[Brief descriptive captions]
--- --- ---

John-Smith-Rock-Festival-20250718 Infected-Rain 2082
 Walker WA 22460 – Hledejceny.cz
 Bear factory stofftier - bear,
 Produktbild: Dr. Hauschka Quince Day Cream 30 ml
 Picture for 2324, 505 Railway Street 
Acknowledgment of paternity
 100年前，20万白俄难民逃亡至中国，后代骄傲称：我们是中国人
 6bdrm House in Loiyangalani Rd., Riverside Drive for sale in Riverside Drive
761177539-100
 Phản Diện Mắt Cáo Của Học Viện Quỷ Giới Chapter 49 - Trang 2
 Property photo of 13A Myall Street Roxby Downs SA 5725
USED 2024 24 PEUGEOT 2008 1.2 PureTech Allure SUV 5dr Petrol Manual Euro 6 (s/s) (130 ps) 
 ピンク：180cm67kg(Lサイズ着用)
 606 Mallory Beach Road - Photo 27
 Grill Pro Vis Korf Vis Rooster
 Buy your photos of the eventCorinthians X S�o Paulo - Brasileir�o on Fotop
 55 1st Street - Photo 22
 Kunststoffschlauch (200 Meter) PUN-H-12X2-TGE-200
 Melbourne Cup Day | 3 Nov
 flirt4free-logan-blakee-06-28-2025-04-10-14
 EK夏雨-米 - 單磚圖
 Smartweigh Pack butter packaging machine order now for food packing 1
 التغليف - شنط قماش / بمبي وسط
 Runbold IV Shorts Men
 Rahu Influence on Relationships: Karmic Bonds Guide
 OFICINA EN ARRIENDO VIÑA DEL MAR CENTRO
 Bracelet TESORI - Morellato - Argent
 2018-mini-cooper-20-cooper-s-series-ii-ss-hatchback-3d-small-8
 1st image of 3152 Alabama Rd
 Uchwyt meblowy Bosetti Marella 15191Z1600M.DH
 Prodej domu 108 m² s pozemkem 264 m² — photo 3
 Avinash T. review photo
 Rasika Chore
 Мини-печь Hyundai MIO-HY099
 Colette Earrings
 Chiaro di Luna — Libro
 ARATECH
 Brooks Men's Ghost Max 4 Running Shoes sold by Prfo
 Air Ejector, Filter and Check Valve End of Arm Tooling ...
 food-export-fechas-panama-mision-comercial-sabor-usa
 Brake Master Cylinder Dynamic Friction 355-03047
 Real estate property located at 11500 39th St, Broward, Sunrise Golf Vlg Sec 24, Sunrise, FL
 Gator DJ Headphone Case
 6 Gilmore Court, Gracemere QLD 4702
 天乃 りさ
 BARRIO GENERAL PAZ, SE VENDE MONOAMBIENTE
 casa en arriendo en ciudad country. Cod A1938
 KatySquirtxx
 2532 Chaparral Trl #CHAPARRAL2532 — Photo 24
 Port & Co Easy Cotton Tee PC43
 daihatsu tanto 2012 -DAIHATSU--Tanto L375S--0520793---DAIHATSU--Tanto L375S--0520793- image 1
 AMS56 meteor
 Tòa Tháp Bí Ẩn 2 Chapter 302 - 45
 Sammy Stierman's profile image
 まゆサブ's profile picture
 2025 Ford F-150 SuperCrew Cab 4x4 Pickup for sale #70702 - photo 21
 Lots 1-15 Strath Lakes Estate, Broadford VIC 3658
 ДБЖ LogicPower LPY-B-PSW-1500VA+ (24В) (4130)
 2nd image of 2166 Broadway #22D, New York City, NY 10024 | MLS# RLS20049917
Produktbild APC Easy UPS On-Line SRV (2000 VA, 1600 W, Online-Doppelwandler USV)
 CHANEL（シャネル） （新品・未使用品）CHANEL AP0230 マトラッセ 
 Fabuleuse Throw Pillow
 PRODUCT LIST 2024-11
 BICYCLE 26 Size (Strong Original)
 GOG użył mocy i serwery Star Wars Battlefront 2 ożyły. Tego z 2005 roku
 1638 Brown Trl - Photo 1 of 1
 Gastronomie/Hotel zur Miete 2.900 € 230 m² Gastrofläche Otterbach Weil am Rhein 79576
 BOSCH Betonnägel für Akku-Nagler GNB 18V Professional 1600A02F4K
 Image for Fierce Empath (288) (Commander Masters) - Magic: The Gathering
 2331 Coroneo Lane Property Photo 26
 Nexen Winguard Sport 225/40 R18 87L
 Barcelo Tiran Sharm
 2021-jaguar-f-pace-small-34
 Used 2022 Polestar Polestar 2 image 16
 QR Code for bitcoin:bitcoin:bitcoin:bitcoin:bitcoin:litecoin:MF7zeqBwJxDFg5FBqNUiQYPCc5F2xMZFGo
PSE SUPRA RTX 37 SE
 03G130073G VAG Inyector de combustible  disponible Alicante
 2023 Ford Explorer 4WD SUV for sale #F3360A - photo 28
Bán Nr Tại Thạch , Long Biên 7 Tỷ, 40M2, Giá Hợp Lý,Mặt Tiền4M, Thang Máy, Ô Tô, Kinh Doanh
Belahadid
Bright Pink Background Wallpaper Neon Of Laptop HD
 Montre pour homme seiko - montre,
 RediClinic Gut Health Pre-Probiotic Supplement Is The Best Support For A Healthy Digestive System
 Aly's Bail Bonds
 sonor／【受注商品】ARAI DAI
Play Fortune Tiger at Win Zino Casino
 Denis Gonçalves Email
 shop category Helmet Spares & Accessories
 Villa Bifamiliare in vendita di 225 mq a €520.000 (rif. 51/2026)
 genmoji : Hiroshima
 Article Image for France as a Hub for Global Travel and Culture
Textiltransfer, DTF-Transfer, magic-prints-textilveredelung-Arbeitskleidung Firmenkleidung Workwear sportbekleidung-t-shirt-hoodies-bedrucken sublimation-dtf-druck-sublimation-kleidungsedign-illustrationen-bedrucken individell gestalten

--- --- ---

**Exercise instructions**
Using only the entries above, output the line with "AMS56 meteor", the line with "Fabuleuse Throw Pillow", and all lines between them, exactly as they stand.

**Your response**
 AMS56 meteor
 Tòa Tháp Bí Ẩn 2 Chapter 302 - 45
 Sammy Stierman's profile image
 まゆサブ's profile picture
 2025 Ford F-150 SuperCrew Cab 4x4 Pickup for sale #70702 - photo 21
 Lots 1-15 Strath Lakes Estate, Broadford VIC 3658
 ДБЖ LogicPower LPY-B-PSW-1500VA+ (24В) (4130)
 2nd image of 2166 Broadway #22D, New York City, NY 10024 | MLS# RLS20049917
Produktbild APC Easy UPS On-Line SRV (2000 VA, 1600 W, Online-Doppelwandler USV)
 CHANEL（シャネル） （新品・未使用品）CHANEL AP0230 マトラッセ 
 Fabuleuse Throw Pillow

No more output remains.